On the other hand, we came across organizations that have been very successful in using data for their business needs. When we look at those examples one thing that stood out was that technology was not the main barrier here. There are several open-source and proprietary platforms available today. Hadoop led the technology landscape in the last decade and then many other options emerged in specific areas like MPP databases, NoSQL databases, data lakes, advanced analytics, stream analytics, BI, ML, and so on. We observed is that the successful big data implementations have high levels of seamless integration between data assets, are agile enough to respond to the changing business needs, and enable self-service BI and analytics for the end-user. These attributes of seamless integration, agility, self-service BI are achieved by focusing on six key data disciplines.
#1: High-Speed Data Acquisition and Processing
There are many options for how you can do data acquisition, extraction, and ingestion into the big data platform. The choice will largely depend on factors like the frequency with which you want to capture the incoming data, whether the data is coming in batches or real-time, whether to employ a push or pull model, etc. Irrespective of the tool or approach you choose, how well your data platform performs in terms of speed, will ultimately decide if users will use the platform widely.

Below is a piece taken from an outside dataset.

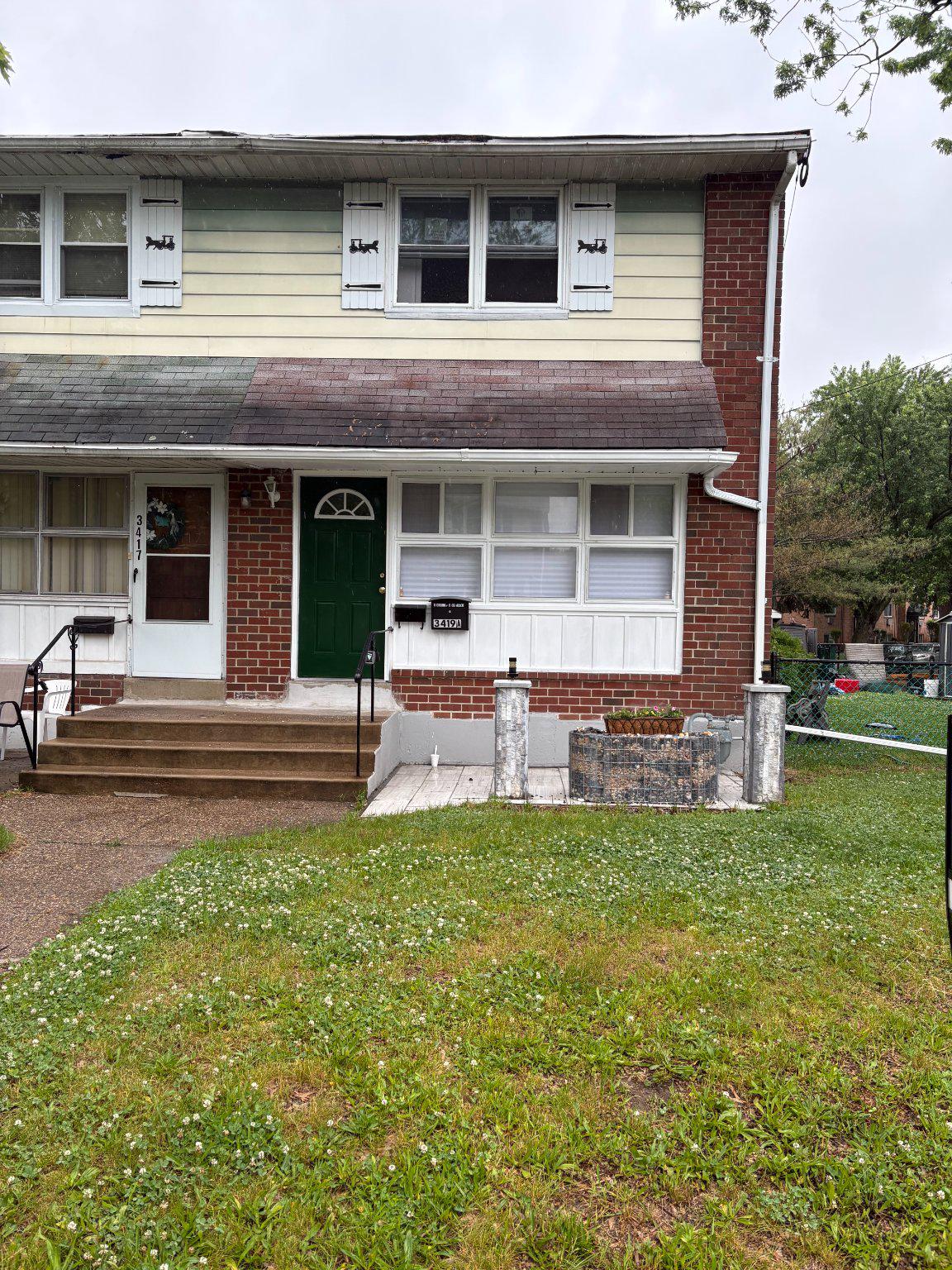 3419 Carter Lane Chester, PA 19013 - Photo 1 of 52 Charming brick-fronted two-unit townhouse.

#2: Metadata Management and Data Catalog
Metadata helps us decode three different perspectives. One is, it will help us to create very accurate and consistent reports. Metadata is information about your data. If we know the metadata very well, then, we can check where the data is coming from in our reports. The second use of metadata is, it allows the end-user to find data. This is important, especially in a big data platform. Because in a big data platform we end up collecting lots of data, thousands of data sets are collected from the data source daily. It becomes very difficult for a data scientist or a data analyst who wants to find the data in a large data lake or a data warehouse that you have created. The third use is, if you combine it with other elements it will also help you to track the data lineage as well.
# 3: Ensuring Data Quality
We are all aware that if we do not maintain data quality, then the data platform soon reflects a ‘garbage in garbage out’ type of scenario. Therefore, maintaining data quality is paramount. There are many different thoughts about who is responsible for data quality. We tend to agree with the suggestion that data quality is the responsibility of the data owner. However, the data platform should have some tools available to check the quality of data when it is integrated on the central platform.

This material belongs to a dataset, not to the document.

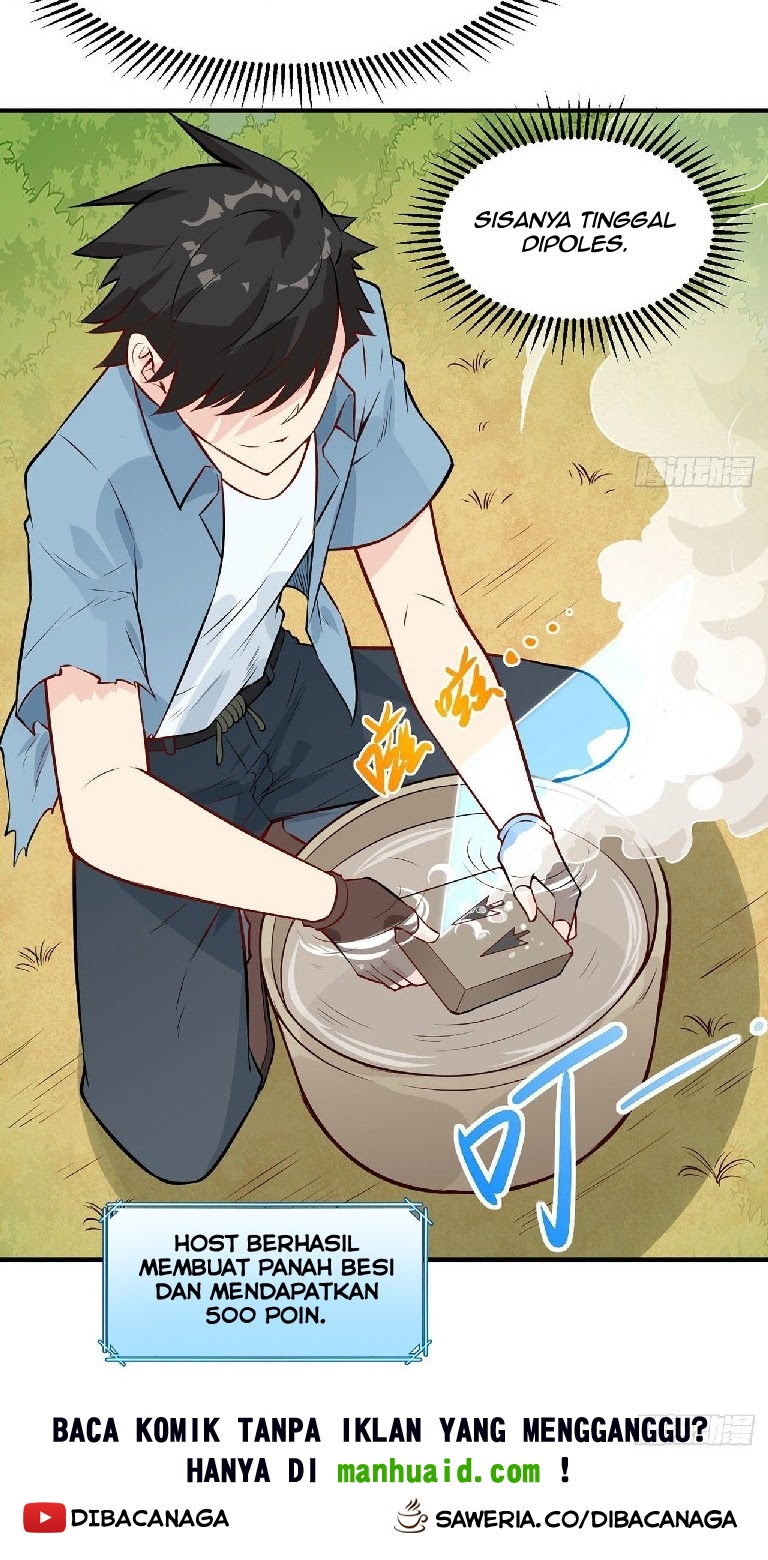 The Rest of My Life on the Desert Island Chapter 29 Gambar 31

# 4: Master Data Management (MDM)
The next important point is Master Data Management (MDM). It’s about maintaining the master list, whether it is the products, vendors, suppliers, or customers. Having a master list across the organization helps to create accurate analytics. Usually, your organization will require standardized master lists in order to bring consistency in reporting and analytics. These master lists act as a single source of truth across the organization. The master lists will be consistent across the data platform. You can consolidate master lists by (1) matching and merging, (2) data standardization, (3) data consolidation.
# 5: Data Security
The fifth ability is about data security and access control. When we bring data together in a central storage area, the data owners demand the highest level of data security especially when that data is personal or financial data. Data owners will not give you the data if there is no guarantee that data is going to be secured. It has to be protected and secured from unauthorized access by using measures like user authentication, User Access Control using RBAC or Item level security, data encryption, and network security. These security measures should be implemented in all components of the big data platform.
# 6: Data Lineage
The last important aspect is the data lineage. It is about tracing data back to its origin. In order to trust the data used for BI and analytics, users will demand to know the flow of their data, where it originated, who had access to it, which changes it underwent, and when. They would want to know where it resided throughout the organization’s multiple data systems. Hence data lineage is an important aspect.
These are the 6 key areas important to make your data platform scalable, agile, searchable, secure, and traceable.